*** Opening PROVIDED MATERIAL ***
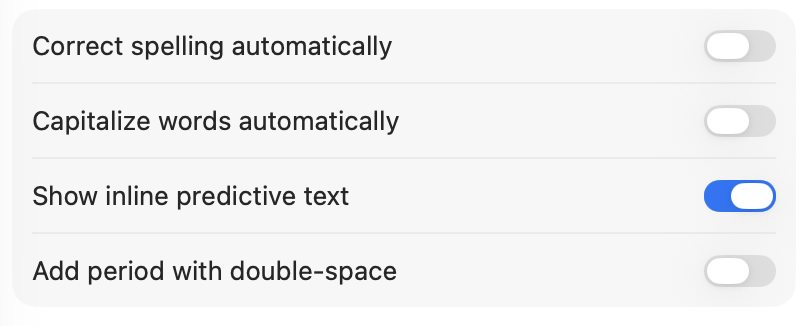 Partial screenshot of MacOS System settings related to automatically correcting text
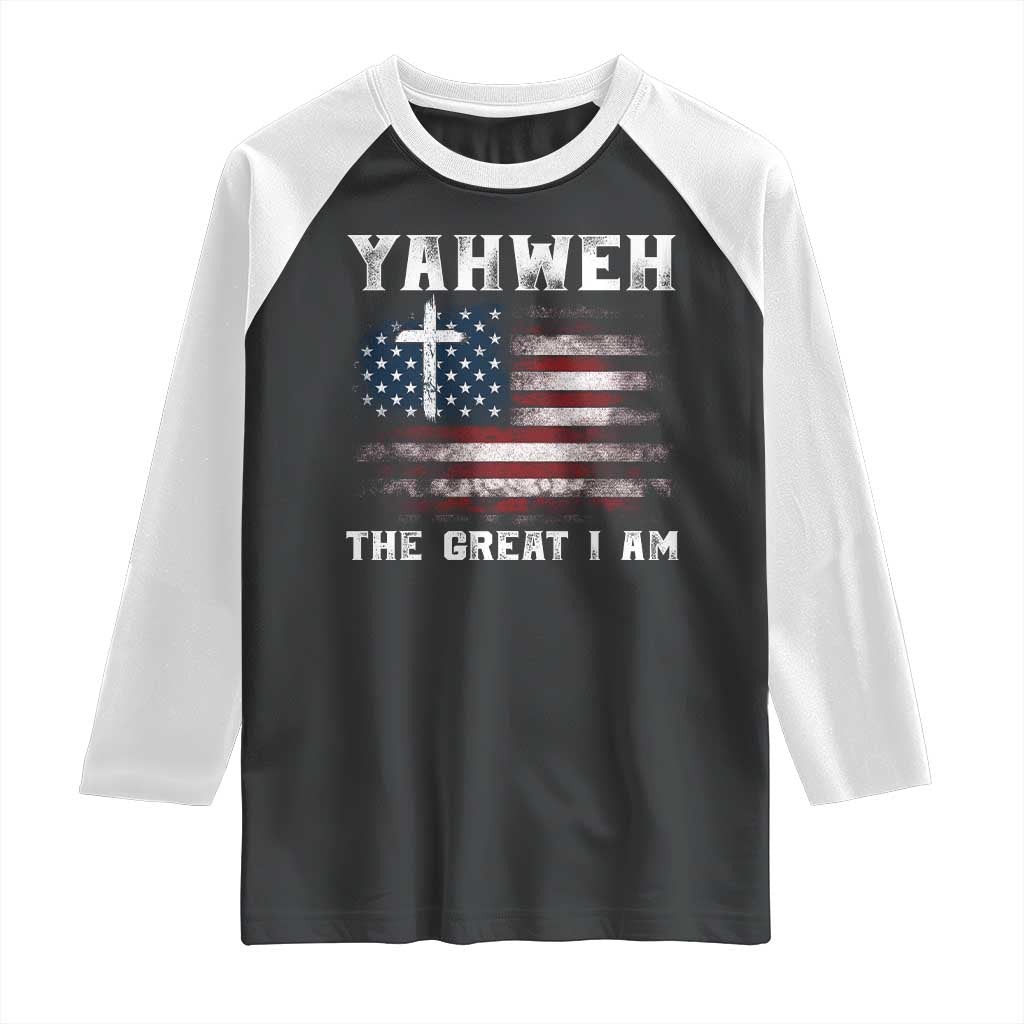 Yahweh The Great I Am Christian Faith Raglan Shirt Vintage American Flag TS11 Black White Print Your Wear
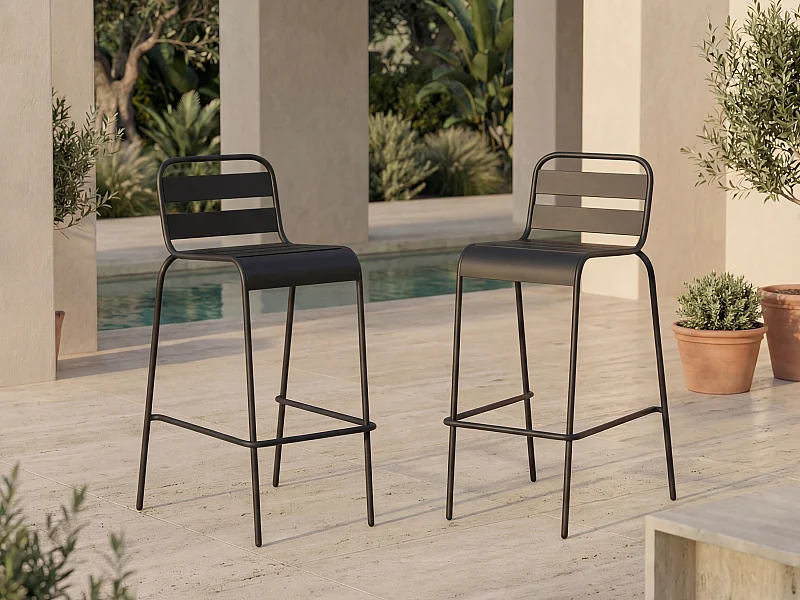 Set van 2 opstapelbare hoge tuinstoelen van metaal - Zwart - MIRMANDE van MYLIA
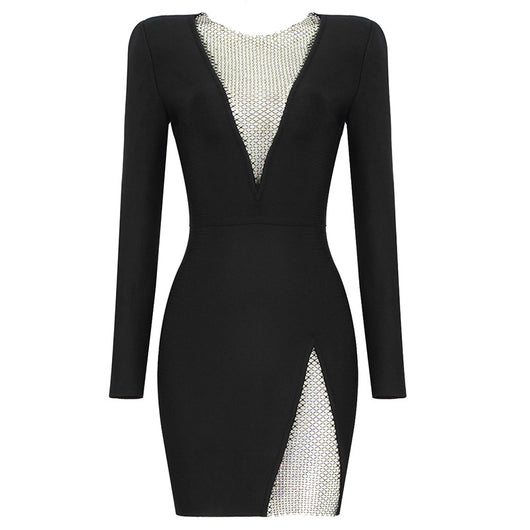Vestido de Noche Elegante con Escote en V y Detalles de Diamantes - Image 3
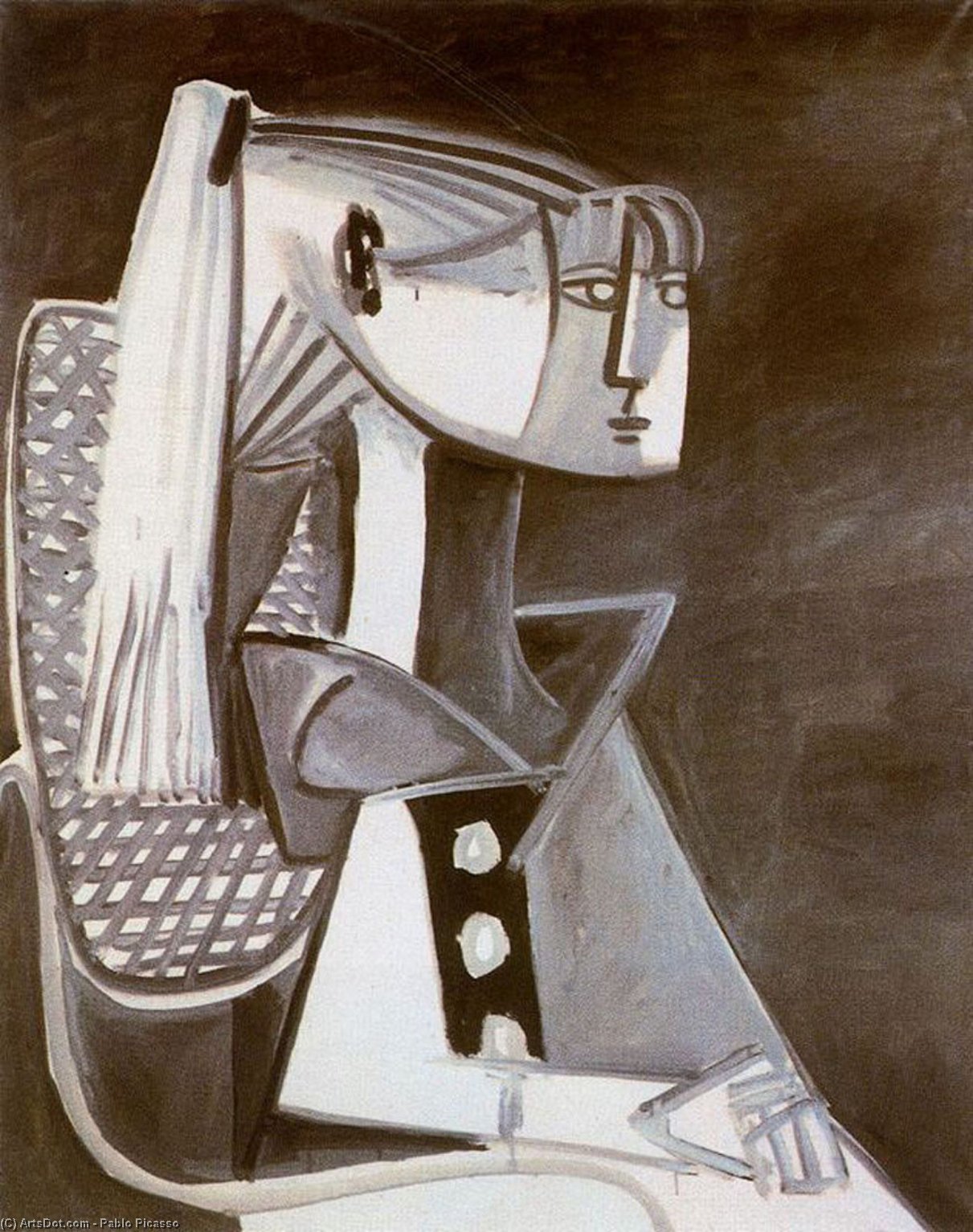 Wikoo.org - موسوعة الفنون الجميلة - اللوحة، العمل الفني Pablo Picasso - Portrait of Sylvette David
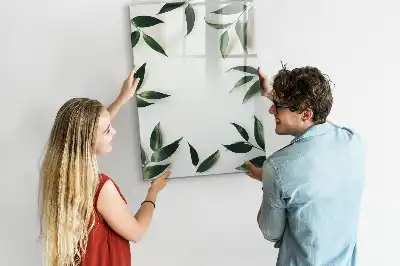 Pizarra magnética decorativa con rotulador con marco de diseño de hojas verdes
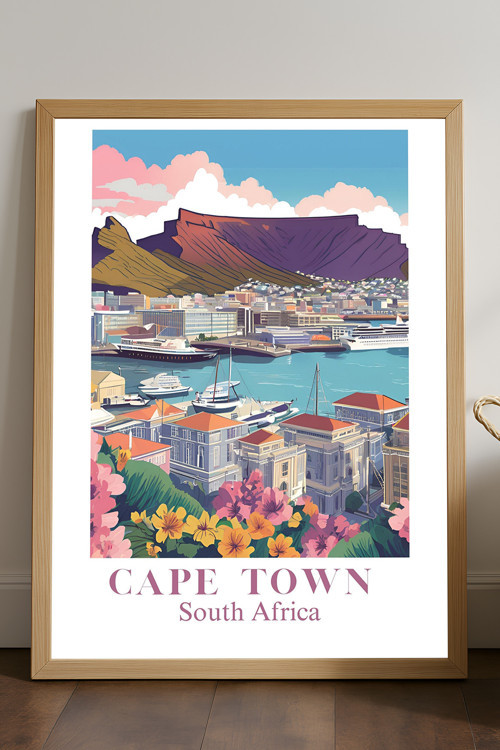 Cape Town Doğal Ahşap Çerçeveli Poster, Dekoratif Seyahat Duvar Tablosu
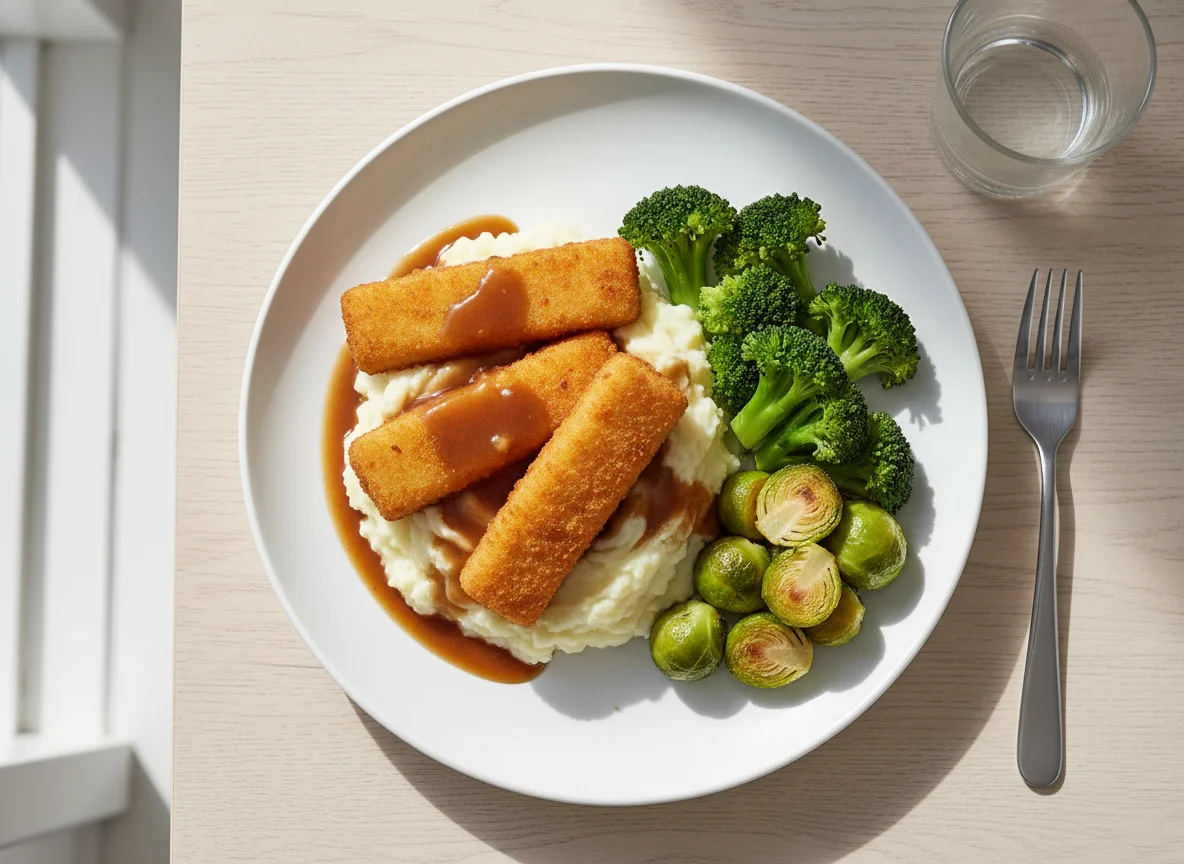 Fish Finger Meal with Mashed Potatoes and Vegetables photo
*** Closing PROVIDED MATERIAL ***
● WHAT NEEDS TO BE DONE: Starting at the first line of the listing above, write out each line exactly and nothing else until you reach the line containing "Cape Town Doğal", which is included as well; omit all pictures.

● ANSWER AREA:
 Partial screenshot of MacOS System settings related to automatically correcting text
 Yahweh The Great I Am Christian Faith Raglan Shirt Vintage American Flag TS11 Black White Print Your Wear
 Set van 2 opstapelbare hoge tuinstoelen van metaal - Zwart - MIRMANDE van MYLIA
Vestido de Noche Elegante con Escote en V y Detalles de Diamantes - Image 3
 Wikoo.org - موسوعة الفنون الجميلة - اللوحة، العمل الفني Pablo Picasso - Portrait of Sylvette David
 Pizarra magnética decorativa con rotulador con marco de diseño de hojas verdes
 Cape Town Doğal Ahşap Çerçeveli Poster, Dekoratif Seyahat Duvar Tablosu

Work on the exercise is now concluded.